Code § 18.2-270, as in force at the time of Thieman's conviction, provided punishment for violation of Code § 18.2-266, which proscribes operating a motor vehicle while under the influence of intoxicants.
Code § 18.2-270 further provided enhanced ranges of punishment for "a second offense," depending upon the circumstances under which that second offense was committed.
Code § 18.2-270 provided a yet further enhanced range of punishment for "a third offense or subsequent offense committed within ten years of an offense under § 18.2-266."
The warrant under which Thieman was convicted alleged a violation of Code § 18.2-266. At the conclusion of the specification of the charge were the words "subsequent offense." The majority holds that this additional specification sufficiently charged a third or subsequent offense within ten years. I disagree.

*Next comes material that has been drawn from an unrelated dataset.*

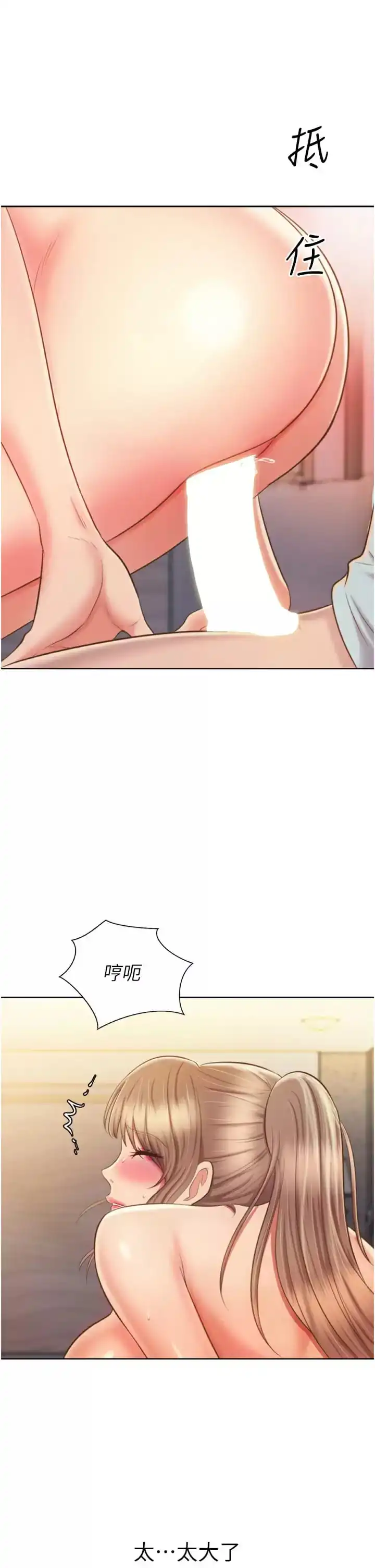 姊姊爱做菜 第65话-在老师家大胆做爱 第38页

"Subsequent" is a comparative term. It cannot be employed without a referent. To be subsequent, an item must follow some other specified thing. The specification of the referent may be direct or by inference, but to describe an item accurately as "subsequent," the referent prior item must be identified.
The term "third offense or subsequent offense" used in the statute plainly refers to a third offense or an offense subsequent to a third offense. Any other construction would render the term "subsequent" meaningless. To hold, as the majority does, that the two terms are synonymous renders the statute redundant and affords no meaning to the term "subsequent offense."
The warrant in this case charged Thieman with a violation of Code § 18.2-266. Appended to that specification were the words "subsequent offense." This can mean only an offense subsequent to a violation of Code § 18.2-266. Thus, the warrant specified no more than a second offense.
For the foregoing reasons, I respectfully dissent. I would reverse Thieman's conviction and remand the case to the trial court for trial on the charge specified, if the Commonwealth be so advised.